Sou viúva e uma pessoa muito simples. Há certas coisas que não gosto.
Estou representada em fotografias pelo mundo inteiro. Juntamente com o meu
falecido esposo, estive em Macau. Fui a mais linda de Macau! Aqui pratiquei
Karaté e fui cinturão negro. Ai de quem se chegar a mim –e mostra uns
movimentos rápidos com as mãos. Eu era
muito linda! Até a Amália Rodrigues, que foi lá cantar, parou para me ver. Um
dia, lembro-me bem, ia na rua e chocaram dois carros por causa de mim. Eu era
muito linda! Um dia entrei num campo de futebol, com as duas minhas filhas pela mão, e
as bancadas levantaram-se para me ver. Eu era muito bonita! Queriam que
concorresse a um concurso de beleza mas, para além do meu homem ser muito ciumento,
eu nunca quis. Sempre fui uma excelente dançarina. Tudo parava quando eu
rodopiava na roda. Ficava tudo de pé, a olhar-me, como se eu fosse uma
princesa. Eu era muito linda! Em 1965 cantei o fado no Teatro Gil Vicente, em
Lourenço Marques.
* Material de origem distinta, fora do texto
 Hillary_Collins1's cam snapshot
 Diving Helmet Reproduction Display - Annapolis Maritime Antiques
Estava a sala cheia quando cantarolei “eu vi a Amélia no arvoredo…”. Regressei a Coimbra por alturas do 25
de Abril de 1974. Eu era muito linda!!
Hoje,
qualquer homem me tem muito respeito. Os turistas pedem-me para tirar
fotografias. A minha imagem está em todo o lado. Estou representada na China,
nos Estados Unidos, no Brasil e no Japão. É demais!! Há dias, em frente à Brasileira, ali na rua de cima, estiveram sete repórteres a fotografar-me. Tudo com muito respeito! Fui rainha
da Rua de Sargento-mor em 2011. As escadas do Gato estavam cheias de gente para
me ver. Todos bateram palmas. Tive lá na rua um poster grande com a minha foto –você
não viu? Agora as pessoas dizem-me que sou a rainha de Coimbra inteira. Sou
feliz! Respeito toda a gente, desde o sem-abrigo ao mais alto na sociedade.
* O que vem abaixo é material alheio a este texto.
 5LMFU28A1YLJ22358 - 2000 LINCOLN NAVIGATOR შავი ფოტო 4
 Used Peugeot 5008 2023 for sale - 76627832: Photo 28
Vivo só porque quero. Por opção! Sou muito independente. À noite nunca saio.
Não há ninguém que tenha alguma coisa a apontar-me. Sou muito seletiva não dou
confiança a ninguém –não gosto dessas coisas! A Rua de Sargento-mor é o meu
paraíso. Aqui está a minha família. Gosto muito da Leninha! Se passar um dia
sem cá vir, liga-me logo e sempre. O que é que você está a escrever? Veja lá!
Está a ouvir? Olhe que eu sou uma senhora de muito respeito!”
3 comentários:
nÃO ERA ESTA SENHORA QUE HÁ MAIS DE 20 ANOS ANDAVA PELAS RUAS DA BAIXINHA DANDO COMIDA A CÃES E GATOS ABANDONADOS? NESSA EPOCA EU TINHA UM CÃO E CONHECI UMA SENHORA COM UMA HISTORIA MUITO IDENTICA,QUE NUNCA MAIS VI.GOSTAVA MUITO DE A VOLTAR A VER , ERA UMA SIMPATIA DE SENHORA.
Olá, bom dia. Sim, quase garantidamente que é esta senhora a pessoa de quem fala. Embora eu não aflorasse no texto, a Dona Teresa sempre foi muito ligada aos animais.
Olá, boa tarde. Essa senhora é uma simpatia. Atendi-a algumas vezes, quando eu trabalhava na Briosa, e mesmo quando andava pelas ruas próximas, cheguei a conversar com ela. Muito educada e simpática. Deus a abençõe sempre.